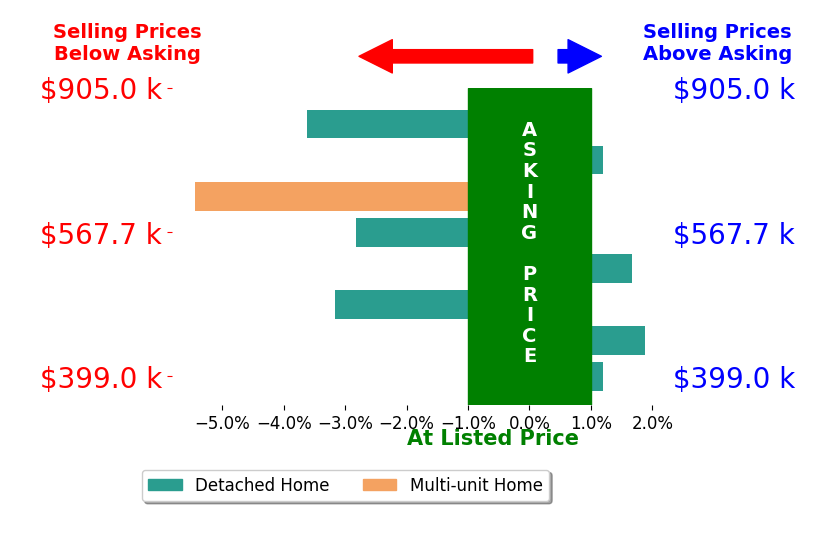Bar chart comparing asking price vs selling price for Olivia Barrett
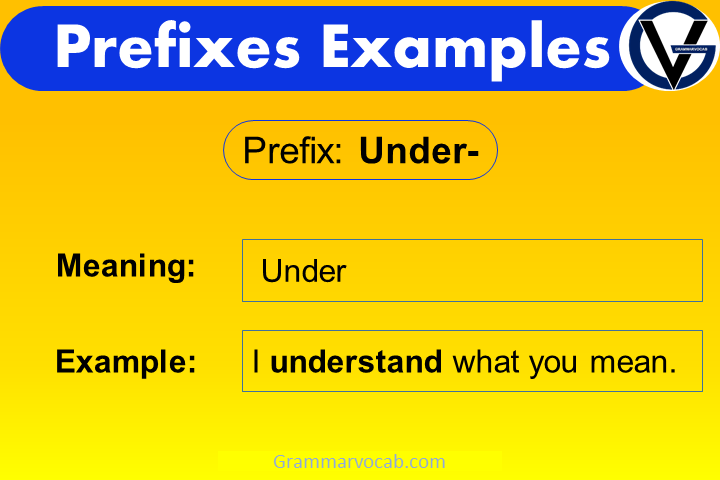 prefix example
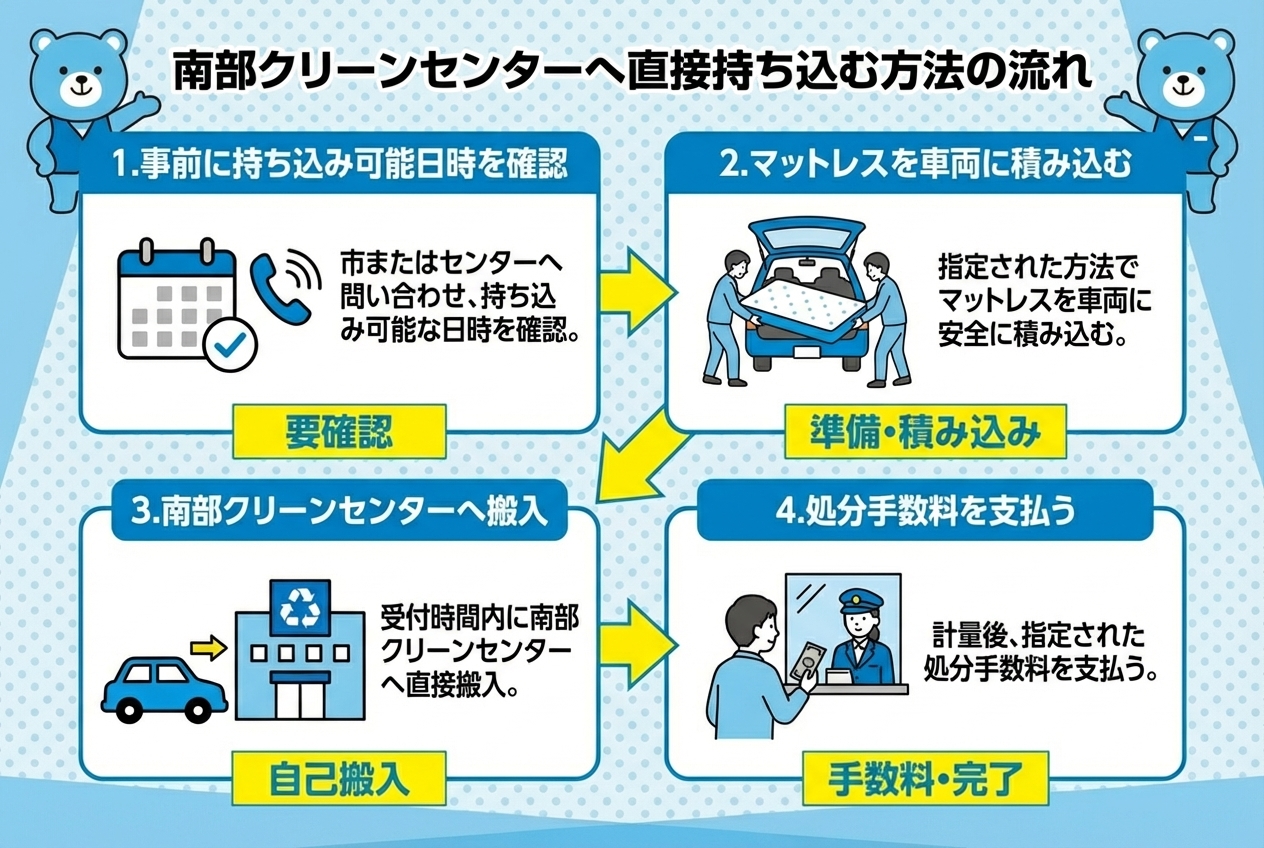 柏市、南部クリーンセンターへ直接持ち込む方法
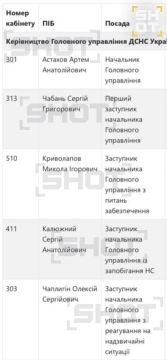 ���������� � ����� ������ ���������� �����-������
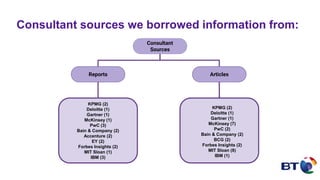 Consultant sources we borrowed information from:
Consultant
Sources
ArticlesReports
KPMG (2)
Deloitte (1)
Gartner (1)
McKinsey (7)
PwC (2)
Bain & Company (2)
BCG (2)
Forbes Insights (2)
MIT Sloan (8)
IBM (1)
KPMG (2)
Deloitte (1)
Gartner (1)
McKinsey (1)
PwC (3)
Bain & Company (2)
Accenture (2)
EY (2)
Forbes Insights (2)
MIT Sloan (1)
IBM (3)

====================

TASK TO CARRY OUT:
Copy out all the entries precisely. No images.

TASK RESULT:
Bar chart comparing asking price vs selling price for Olivia Barrett
 prefix example
 柏市、南部クリーンセンターへ直接持ち込む方法
 ���������� � ����� ������ ���������� �����-������
 Consultant sources we borrowed information from:
Consultant
Sources
ArticlesReports
KPMG (2)
Deloitte (1)
Gartner (1)
McKinsey (7)
PwC (2)
Bain & Company (2)
BCG (2)
Forbes Insights (2)
MIT Sloan (8)
IBM (1)
KPMG (2)
Deloitte (1)
Gartner (1)
McKinsey (1)
PwC (3)
Bain & Company (2)
Accenture (2)
EY (2)
Forbes Insights (2)
MIT Sloan (1)
IBM (3)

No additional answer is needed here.